● **Try it**: The entries below are to be returned as written, with all pictures dropped.

[Source data]

┏━━

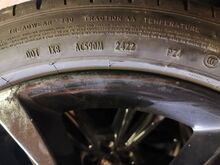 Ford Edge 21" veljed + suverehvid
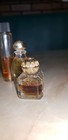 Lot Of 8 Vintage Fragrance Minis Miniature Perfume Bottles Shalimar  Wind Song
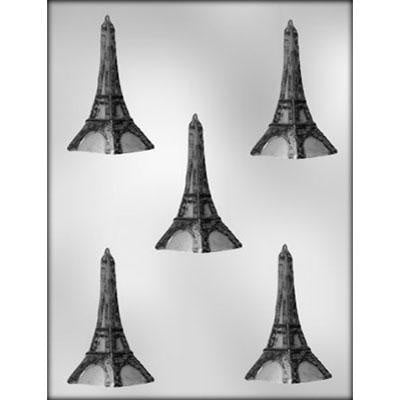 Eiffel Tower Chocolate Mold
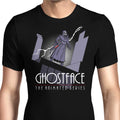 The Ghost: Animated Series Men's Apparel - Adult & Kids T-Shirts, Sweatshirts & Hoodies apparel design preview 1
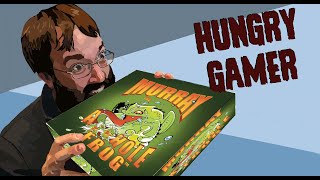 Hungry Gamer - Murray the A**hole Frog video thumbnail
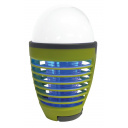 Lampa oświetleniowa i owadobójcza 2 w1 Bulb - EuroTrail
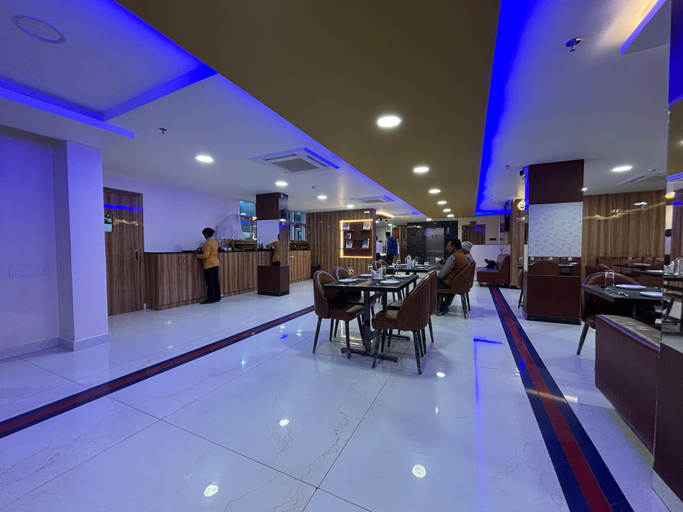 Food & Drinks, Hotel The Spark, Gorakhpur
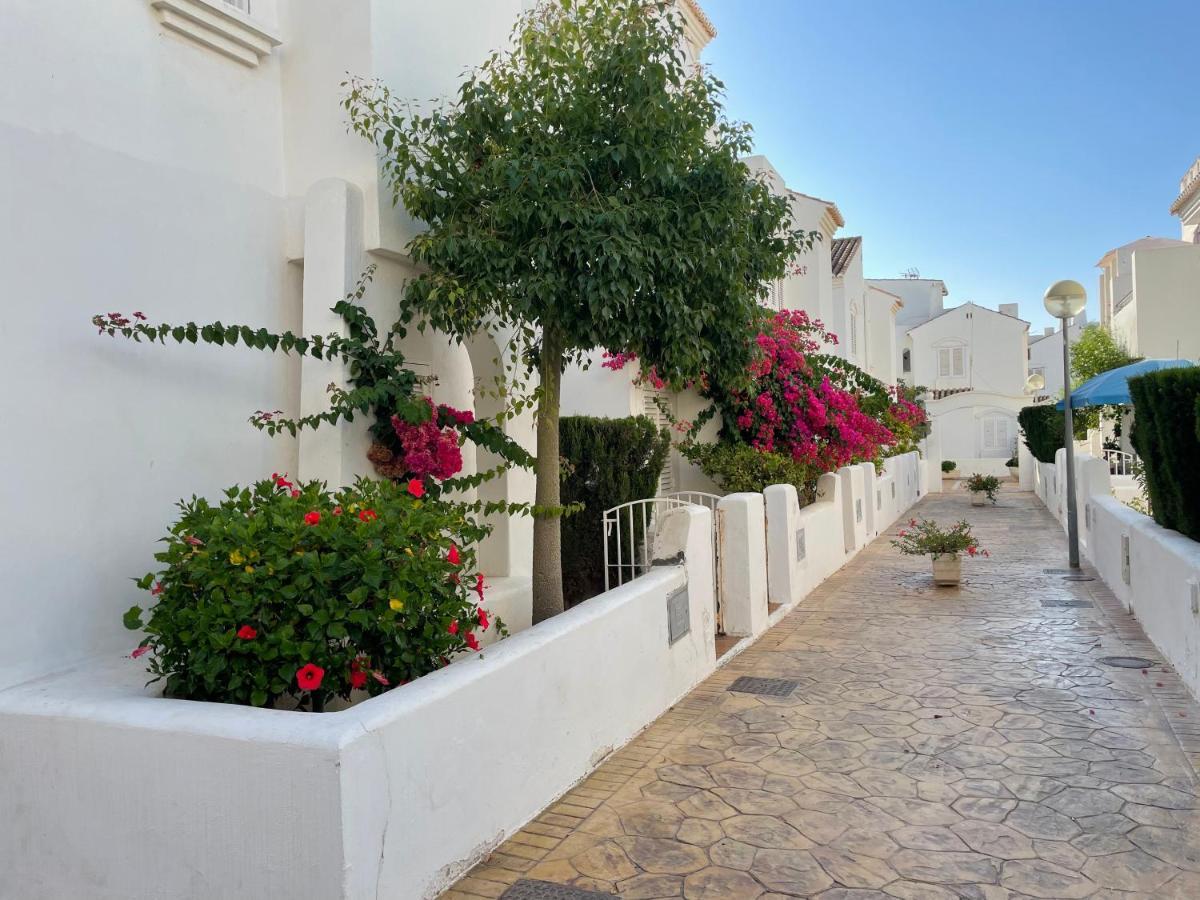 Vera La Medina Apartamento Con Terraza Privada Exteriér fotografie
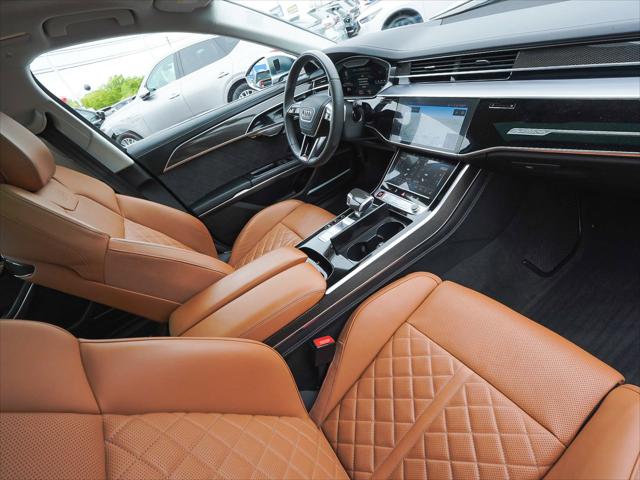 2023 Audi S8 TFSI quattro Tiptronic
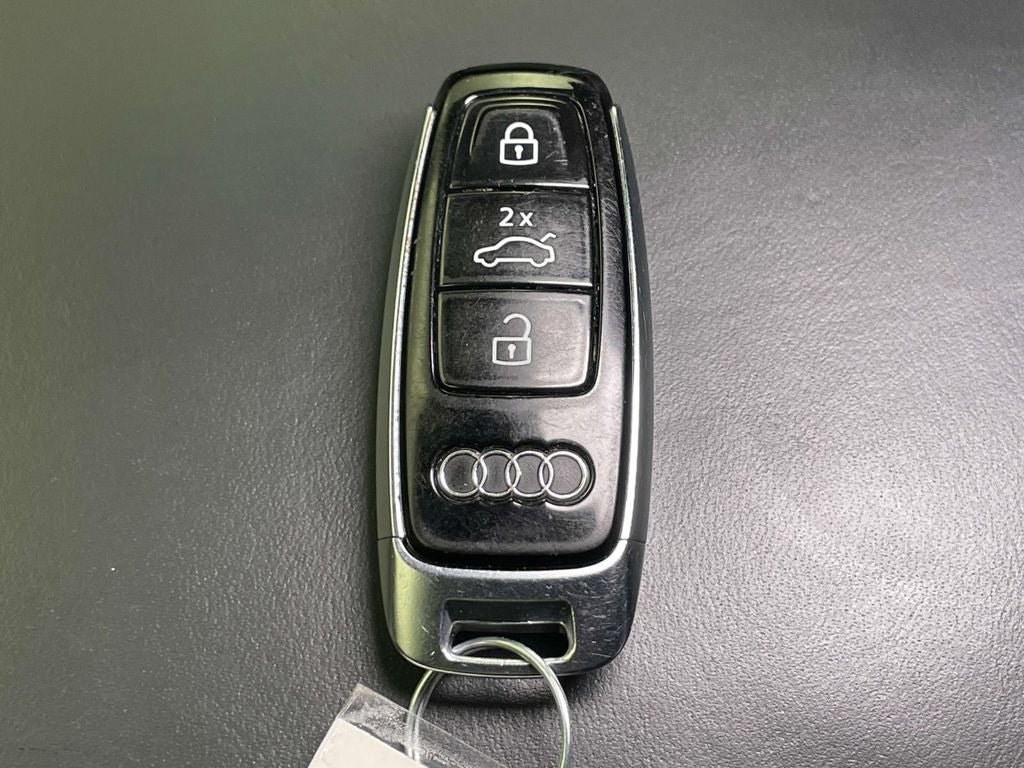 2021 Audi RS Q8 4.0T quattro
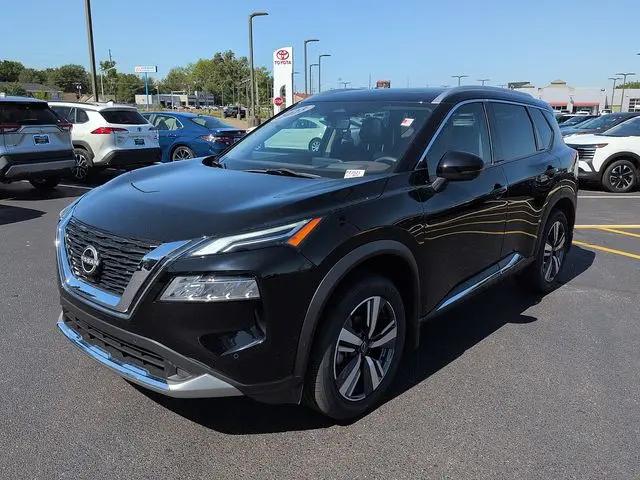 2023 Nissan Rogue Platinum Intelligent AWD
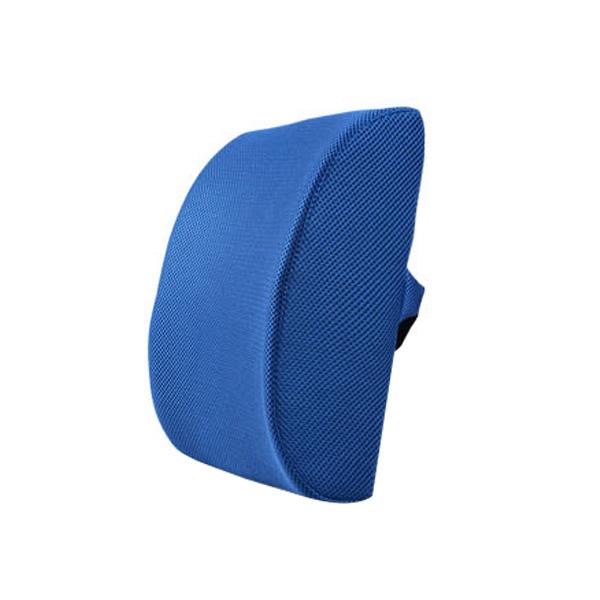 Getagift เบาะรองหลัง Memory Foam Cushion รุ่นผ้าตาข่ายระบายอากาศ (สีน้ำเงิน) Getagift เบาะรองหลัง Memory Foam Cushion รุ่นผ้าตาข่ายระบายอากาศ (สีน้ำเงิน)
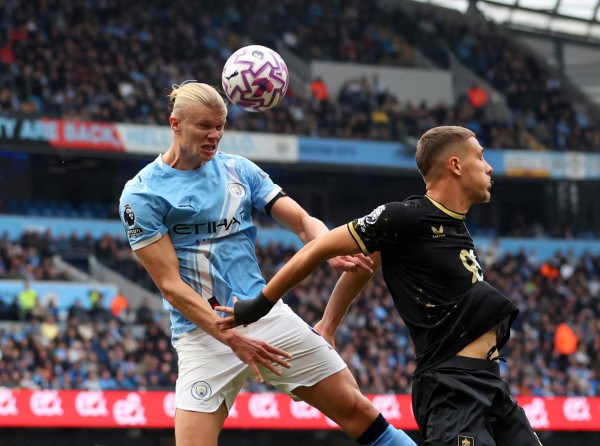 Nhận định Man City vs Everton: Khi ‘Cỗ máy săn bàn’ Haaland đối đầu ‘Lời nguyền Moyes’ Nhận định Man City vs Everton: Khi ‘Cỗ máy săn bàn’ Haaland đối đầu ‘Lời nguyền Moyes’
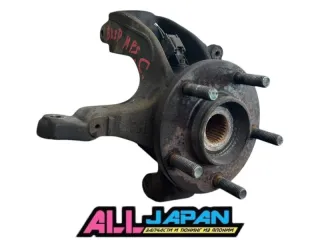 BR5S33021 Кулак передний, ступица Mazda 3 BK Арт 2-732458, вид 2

┗━━

● **Result**:
 Ford Edge 21" veljed + suverehvid
 Lot Of 8 Vintage Fragrance Minis Miniature Perfume Bottles Shalimar  Wind Song
 Eiffel Tower Chocolate Mold
 The Ghost: Animated Series Men's Apparel - Adult & Kids T-Shirts, Sweatshirts & Hoodies apparel design preview 1
 Hungry Gamer - Murray the A**hole Frog video thumbnail
 Lampa oświetleniowa i owadobójcza 2 w1 Bulb - EuroTrail
 Food & Drinks, Hotel The Spark, Gorakhpur
 Vera La Medina Apartamento Con Terraza Privada Exteriér fotografie
 2023 Audi S8 TFSI quattro Tiptronic
 2021 Audi RS Q8 4.0T quattro
 2023 Nissan Rogue Platinum Intelligent AWD
 Getagift เบาะรองหลัง Memory Foam Cushion รุ่นผ้าตาข่ายระบายอากาศ (สีน้ำเงิน) Getagift เบาะรองหลัง Memory Foam Cushion รุ่นผ้าตาข่ายระบายอากาศ (สีน้ำเงิน)
 Nhận định Man City vs Everton: Khi ‘Cỗ máy săn bàn’ Haaland đối đầu ‘Lời nguyền Moyes’ Nhận định Man City vs Everton: Khi ‘Cỗ máy săn bàn’ Haaland đối đầu ‘Lời nguyền Moyes’
 BR5S33021 Кулак передний, ступица Mazda 3 BK Арт 2-732458, вид 2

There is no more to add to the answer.